Self-stabilizing Systems in Spite of Distributed Control, Edsger W. Dijkstra, 1974.
All computer science students know Dijkstra’s algorithm for finding the shortest path between two nodes in a graph, but Dijkstra’s contributions to the field of computer science cannot be summed up in a single algorithm, nor can I do justice to all of it in a single blog post. Instead, today I’ll be looking at his seminal work on self-stabilisation. This was the paper that earned him the ACM PODC Influential-Paper Award (later renamed to the Dijkstra award in his honour).
It’s a really neat algorithm, and the paper covers an amazing amount of ground in two pages. So much ground that I’ll only discuss his k-state solution for the self-stabilising token ring problem in this post.
Why do we bother about self-stabilisation? Self-stabilisation implies that something has gone wrong that we’re trying to recover from, but shouldn’t we aim for fault-tolerance where nothing ever goes wrong? It isn’t always possible (and perhaps it’s a little naive) to ensure that a system is completely fault-tolerant. Malicious actors exist, hardware and power failures happen, bits can randomly flip1. Rather than play whack-a-mole with all the problems that could potentially occur, a system that monotonically tends towards correctness has some appeal.
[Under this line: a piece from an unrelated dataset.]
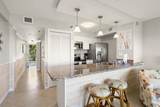 500 Burton Drive - Photo 11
During a recent reading group discussion on the CAP Theorem, one of my friends talked about the difficulty of recovering from a partition. The problem is that we often reason about distributed systems inductively: the current state is correct because we make a non-breaking move from a correct previous state to the current state. But if operations aren’t sufficiently limited during a partition, then certain invariants may no longer hold after a partition heals, and we can no longer perform the inductive step. Having a self-stabilising (i.e. self-healing) system, would allow a system to reconcile errors from a partition.
Dijkstra kicks us off by discussing the task of synchronising “loosely coupled cyclic sequential processes”. One way to think of this is an operating system coordinating processes that are running concurrently. To ensure that “the system is in a legitimate state”, processes must run only when they are allowed to. If there is some mechanism to centralise control, then this is trivial. Having a single leader is always unambiguous. For example, if there is some shared memory protected by mutual exclusion, then each process could simply check the shared memory for permission to run.
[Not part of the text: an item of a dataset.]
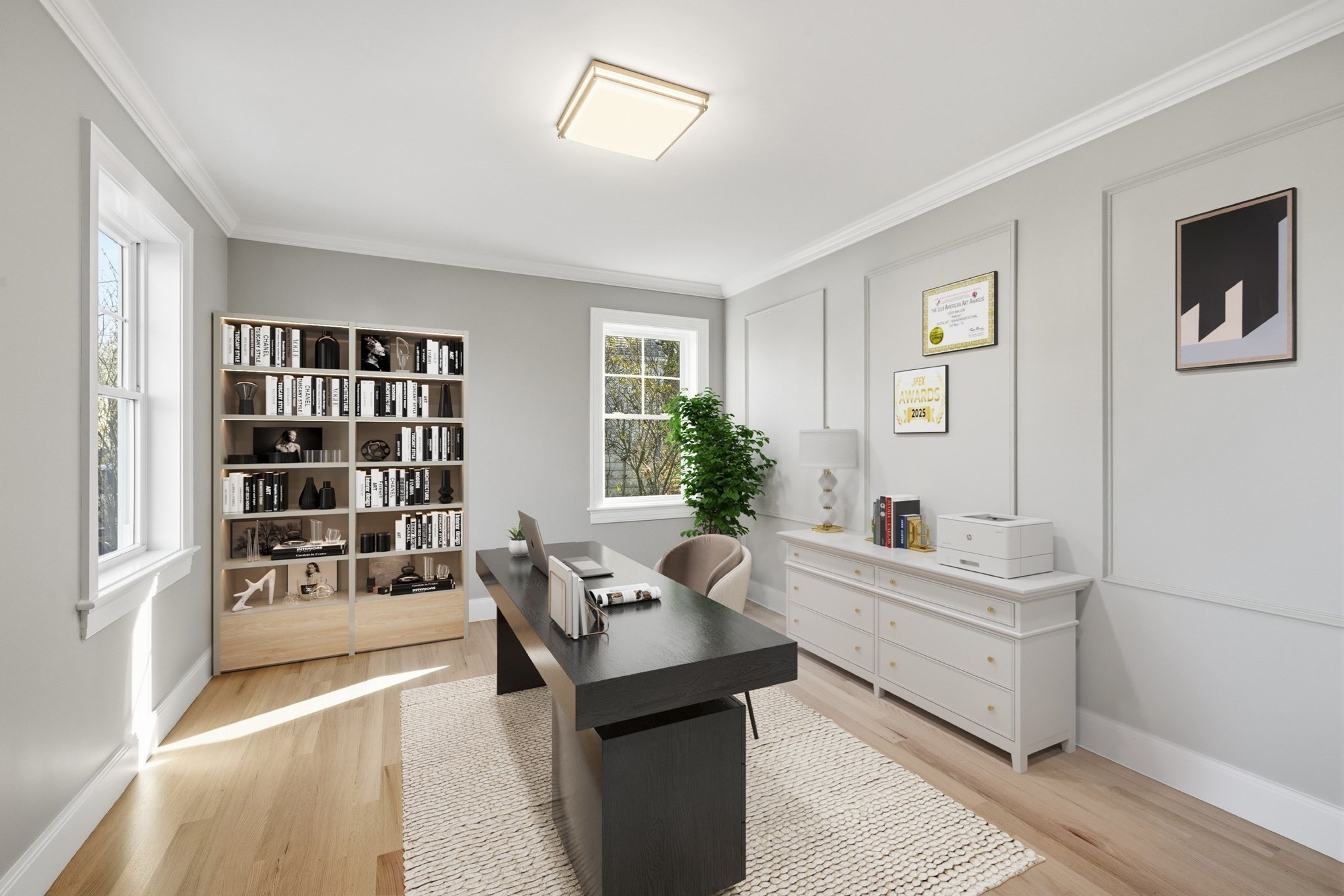 4 Aerial Street, Lexington, MA 02421 - Image 13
Now, Dijkstra introduces the complication of distributed control — consider a scenario where:
- There is no universally shared state
- Each process can only communicate with a limited number of other processes
(1) means that there is no centralised control mechanism, and (2) means that only local information is available at any point in time. As Dijkstra puts it: “local actions taken on account of local information must accomplish a global objective”. This is what he means by distributed control.
To formalise the problem a bit, Dijkstra tells us to consider a ring of nodes, where each node has a finite state machine. Now consider that each machine is allowed to hold a “privilege”2 (i.e. a token, or a mutual exclusion) that allows it to “move” (i.e. let the process run).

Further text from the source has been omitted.